PRESCOTT – Brenda Patton was pulling out of her Prescott driveway one winter morning when she saw something unusual out of the side of her eye.
She thought to herself, "That's a funny-looking dog. And it's a big one, too."
She stopped her car and studied the animal, which was staring back at her just a few feet from her driveway in the TimberRidge subdivision on the southwest side of Prescott.
It was sleek black, and about the size of her 100-pound dog.
The animal then loped across the street to a neighbor's driveway, and she noticed its large head and long tail before it disappeared into the trees.
She then realized she was among the few Prescott residents who have spotted the local legend that one Arizona Game and Fish wildlife manager dubbed the "Yeti of the Southwest."
Patton, a physician who since has since moved to a different Prescott home, was one of only two local residents to report a black mountain lion sighting to the Game and Fish Department in 2003. However, her neighbors have told her that they have seen it, too.
One other person in this county reported seeing a black lion with a cub in the Mayer area last April.
Patton had read about the black catamount in The Daily Courier, which first started reporting sightings in 1998 after Game and Fish officials finally heard from enough people that they decided the lion wasn't a figment of people's imagination.
"I thought, 'Cool, now I saw it,'" Patton recalled.
Since moving close to Thumb Butte, Patton continues to see lion and bobcat tracks, but she hasn't spotted the black lion again.
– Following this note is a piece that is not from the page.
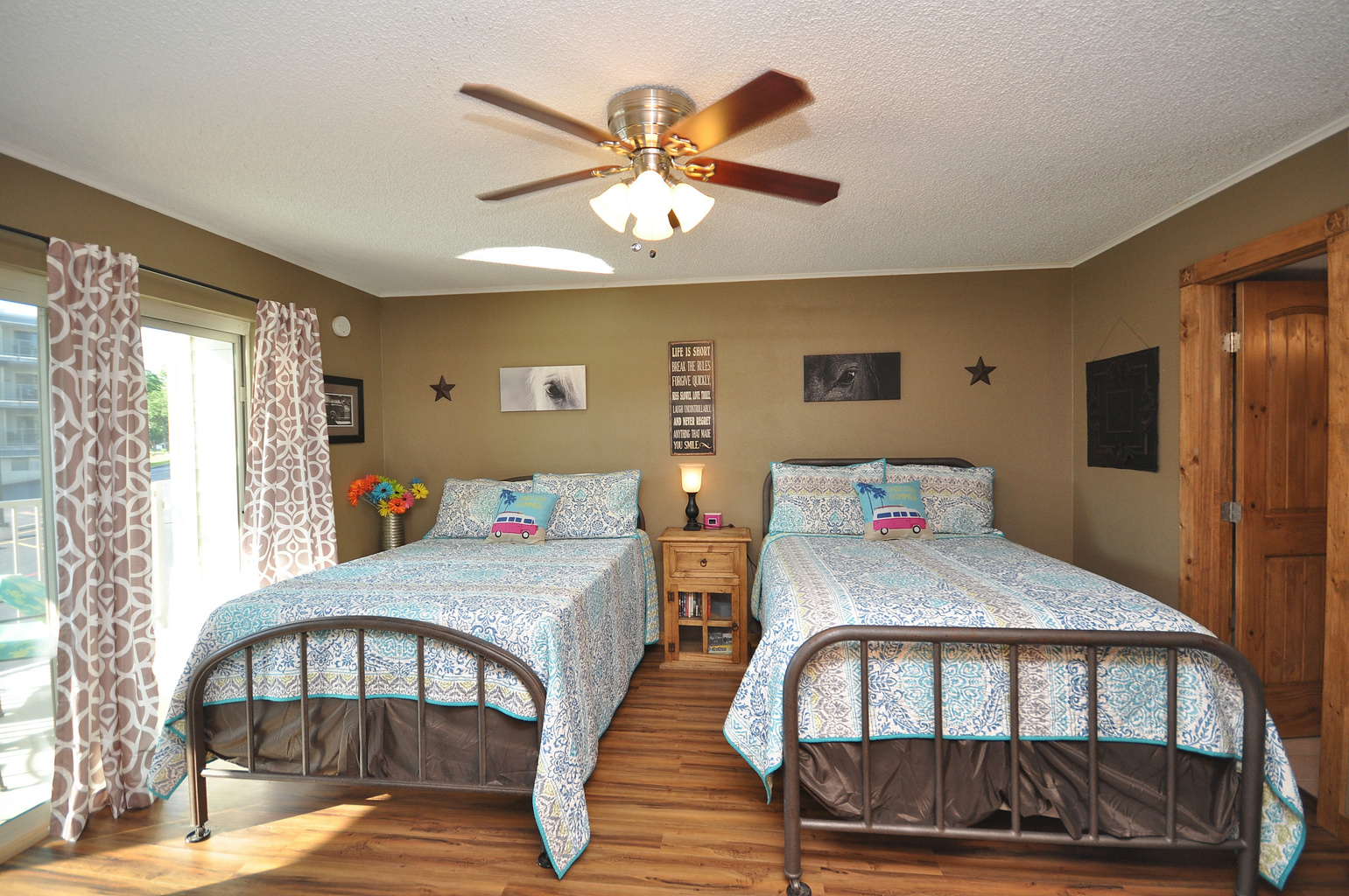 Primary bedroom has two full size beds.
The new resident of her former home, Rob Alder, said he hasn't spotted the Yeti of the Southwest either.
Game and Fish officials want people to call their office in Kingman or Phoenix if they see any lions or bears, so they can do a better job of tracking their comings and goings.
Sightings of the brown variety of mountain lions are understandably more common.
Last year, 19 Yavapai County residents reported seeing mountain lions, while only two reported bears, in Prescott and Crown King.
Game and Fish didn't compile local reports for the first half of 2002 because of employee turnover in the regional office in Kingman, but information officer Zenon Mocarski later added up 12 lion reports and 11 bear reports in Yavapai County during the second half of 2002.
Eleven of the 2003 lion reports came out of Jerome, where residents were demanding Game and Fish action after a rash of missing house cats.
Five of the 2003 reports came from the Prescott area. One person saw a lion while walking on a trail in Pioneer Park, and another said a lion attacked his dog.
If people report lion sightings quickly enough, Game and Fish officials can stop by and check for evidence.
Sometimes they conclude the reports were wrong, by checking tracks and scat and animal remains.
For example, lion scat generally doesn't contain vegetable matter, and tracks generally don't include claw marks, so Game and Fish officials ruled out at least two sightings.
In another case, a Jerome resident thought a lion came into his or her home and ate a house cat, but the cat returned home two days later.